━━━━━ Provided records
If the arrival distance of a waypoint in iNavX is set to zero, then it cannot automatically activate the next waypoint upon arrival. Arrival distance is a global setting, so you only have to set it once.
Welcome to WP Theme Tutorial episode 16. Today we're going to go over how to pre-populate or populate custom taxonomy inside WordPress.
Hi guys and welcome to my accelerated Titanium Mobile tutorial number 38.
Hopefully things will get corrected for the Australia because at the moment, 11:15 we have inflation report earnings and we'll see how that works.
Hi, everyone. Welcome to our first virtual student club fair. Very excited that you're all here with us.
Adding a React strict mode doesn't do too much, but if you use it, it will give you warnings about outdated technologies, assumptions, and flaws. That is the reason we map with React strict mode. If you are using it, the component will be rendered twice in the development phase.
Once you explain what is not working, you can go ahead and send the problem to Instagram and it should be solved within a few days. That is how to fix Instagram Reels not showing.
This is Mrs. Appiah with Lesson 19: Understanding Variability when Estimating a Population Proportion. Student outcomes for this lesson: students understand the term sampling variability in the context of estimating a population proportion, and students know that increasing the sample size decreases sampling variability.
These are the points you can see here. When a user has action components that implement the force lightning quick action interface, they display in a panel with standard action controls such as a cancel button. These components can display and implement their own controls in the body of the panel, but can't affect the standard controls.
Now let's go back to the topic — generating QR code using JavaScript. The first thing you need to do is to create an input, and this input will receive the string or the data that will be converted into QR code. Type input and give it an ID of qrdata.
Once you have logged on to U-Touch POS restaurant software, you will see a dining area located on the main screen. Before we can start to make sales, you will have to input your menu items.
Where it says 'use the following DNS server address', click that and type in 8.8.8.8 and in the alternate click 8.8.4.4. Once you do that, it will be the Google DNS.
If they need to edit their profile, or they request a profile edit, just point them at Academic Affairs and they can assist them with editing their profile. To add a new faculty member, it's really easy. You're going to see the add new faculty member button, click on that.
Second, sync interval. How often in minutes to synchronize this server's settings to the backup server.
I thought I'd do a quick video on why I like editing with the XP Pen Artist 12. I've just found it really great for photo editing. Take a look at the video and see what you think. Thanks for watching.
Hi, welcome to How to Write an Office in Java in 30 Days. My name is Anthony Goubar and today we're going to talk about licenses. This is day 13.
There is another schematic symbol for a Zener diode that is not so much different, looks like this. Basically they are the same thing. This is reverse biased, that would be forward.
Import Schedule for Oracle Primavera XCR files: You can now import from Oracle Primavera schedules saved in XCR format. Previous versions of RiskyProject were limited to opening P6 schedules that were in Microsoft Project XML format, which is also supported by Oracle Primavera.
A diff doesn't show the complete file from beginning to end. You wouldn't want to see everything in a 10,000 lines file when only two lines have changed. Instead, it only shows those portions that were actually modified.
━━━━━━━━━━
What the task asks:
Up to and including the line with "Hi, everyone. Welcome", transcribe the entries above exactly, starting from their first line.

Expected answer:
If the arrival distance of a waypoint in iNavX is set to zero, then it cannot automatically activate the next waypoint upon arrival. Arrival distance is a global setting, so you only have to set it once.
Welcome to WP Theme Tutorial episode 16. Today we're going to go over how to pre-populate or populate custom taxonomy inside WordPress.
Hi guys and welcome to my accelerated Titanium Mobile tutorial number 38.
Hopefully things will get corrected for the Australia because at the moment, 11:15 we have inflation report earnings and we'll see how that works.
Hi, everyone. Welcome to our first virtual student club fair. Very excited that you're all here with us.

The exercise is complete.